• Exercise description
A stretch of the entries below is to be set down exactly, running from the line with "(France 3 / Culturebox)" through the line with "Panoramablick auf die", both included, and no other line.

• Entries supplied
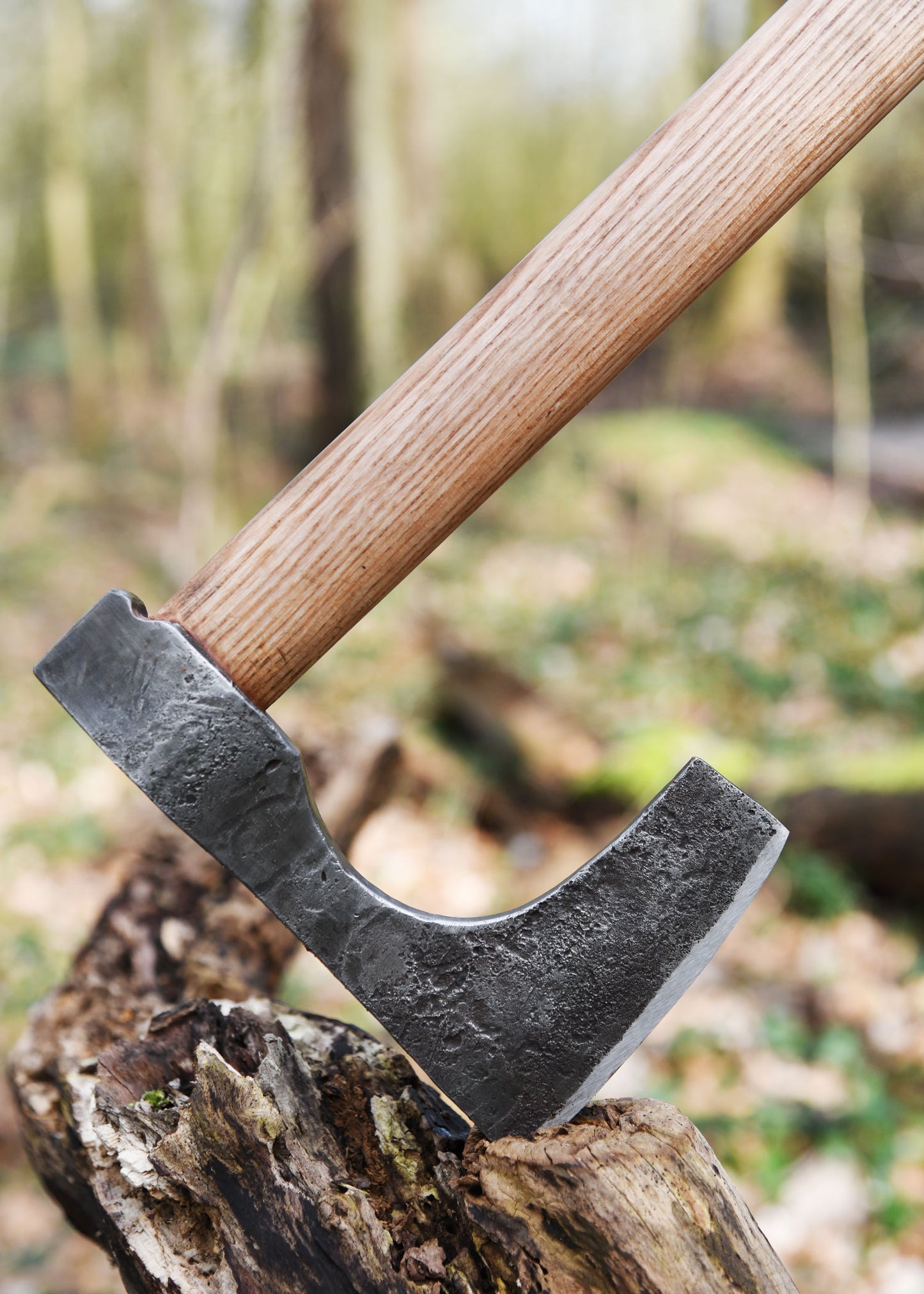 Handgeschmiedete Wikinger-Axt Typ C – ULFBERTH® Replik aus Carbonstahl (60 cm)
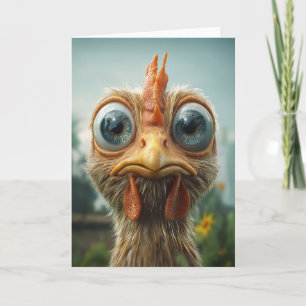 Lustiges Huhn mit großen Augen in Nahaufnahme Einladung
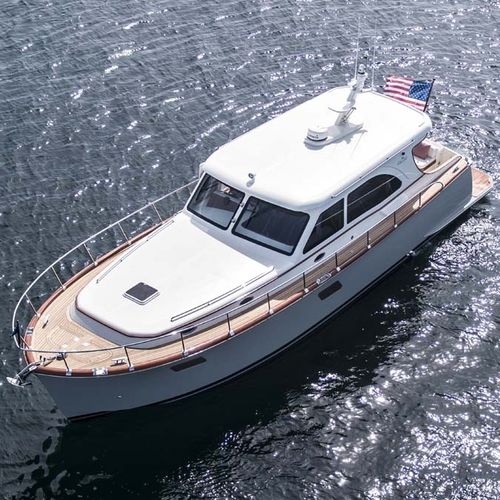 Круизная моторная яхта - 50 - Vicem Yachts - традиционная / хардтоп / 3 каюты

---

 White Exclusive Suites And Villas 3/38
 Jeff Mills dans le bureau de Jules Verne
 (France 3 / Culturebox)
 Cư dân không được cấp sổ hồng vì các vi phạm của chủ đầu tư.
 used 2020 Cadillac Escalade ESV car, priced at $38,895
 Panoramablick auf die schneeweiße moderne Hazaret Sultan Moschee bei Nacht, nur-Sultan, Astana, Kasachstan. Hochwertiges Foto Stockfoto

• Answer to this exercise
 (France 3 / Culturebox)
 Cư dân không được cấp sổ hồng vì các vi phạm của chủ đầu tư.
 used 2020 Cadillac Escalade ESV car, priced at $38,895
 Panoramablick auf die schneeweiße moderne Hazaret Sultan Moschee bei Nacht, nur-Sultan, Astana, Kasachstan. Hochwertiges Foto Stockfoto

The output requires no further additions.